### Task to complete
No pictures go in the copy. Restate, word for word, each line from the one containing "Charlotte De Witte" through the last line below.

[Short text fragments from websites]
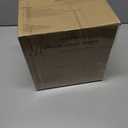 Drain Auger, Clog Remover with Drill Adapter, 25 Feet Flexible Plumbing Snake Use Manually or Powered for Kitchen, Bathroom and Shower Sink, Comes with Gloves (orange)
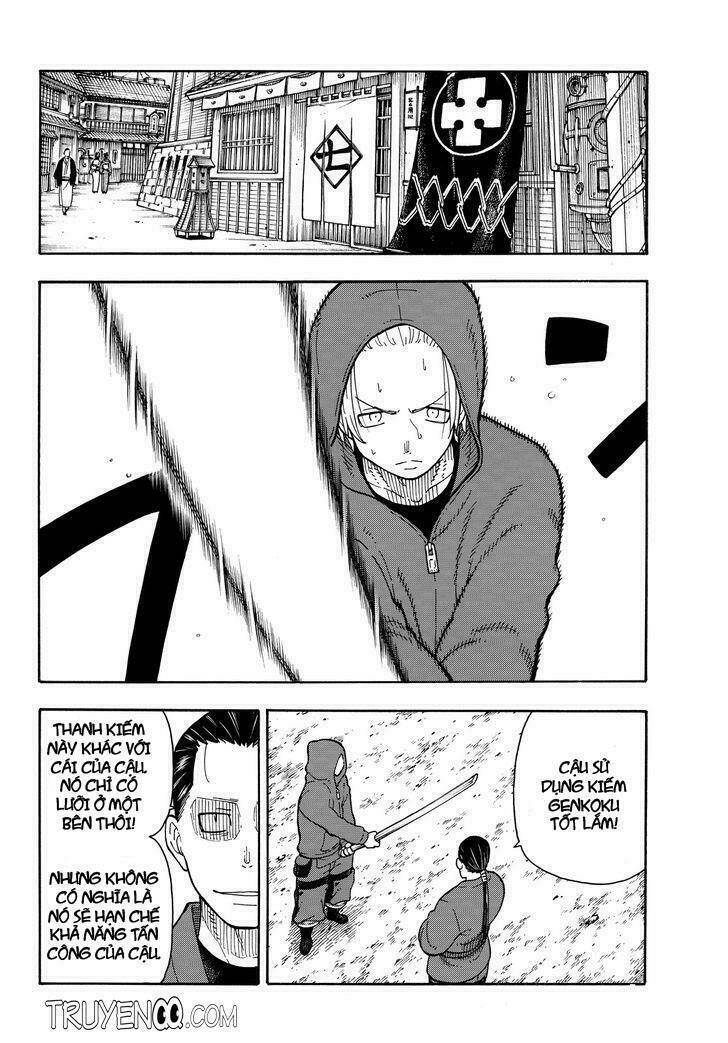 Biệt Đội Lính Cứu Hỏa: Chapter 66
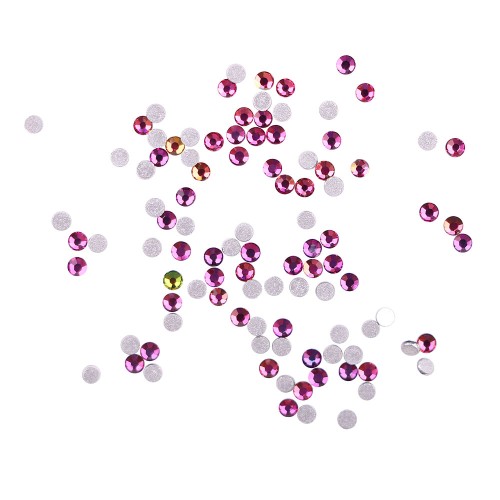 Komilfo rhinestones Rainbow, size 3 (pack of 100) Komilfo rhinestones Rainbow, size 3 (pack of 100)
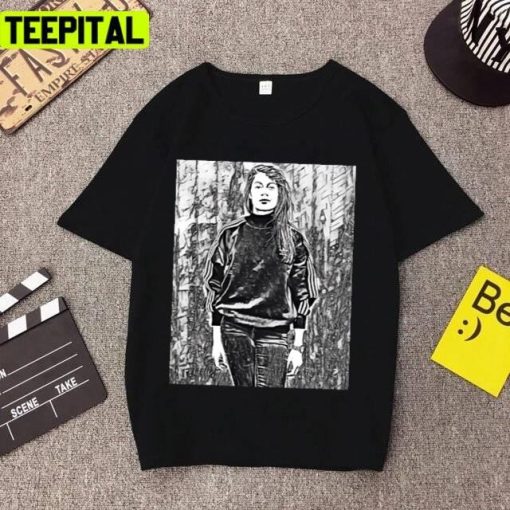 Charlotte De Witte Black And White Nina Kraviz Techno Unisex T-Shirt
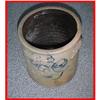Image 1 : Antique 2 Gallon Cobalt Stoneware Crock #933751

### Written response
 Charlotte De Witte Black And White Nina Kraviz Techno Unisex T-Shirt
Image 1 : Antique 2 Gallon Cobalt Stoneware Crock #933751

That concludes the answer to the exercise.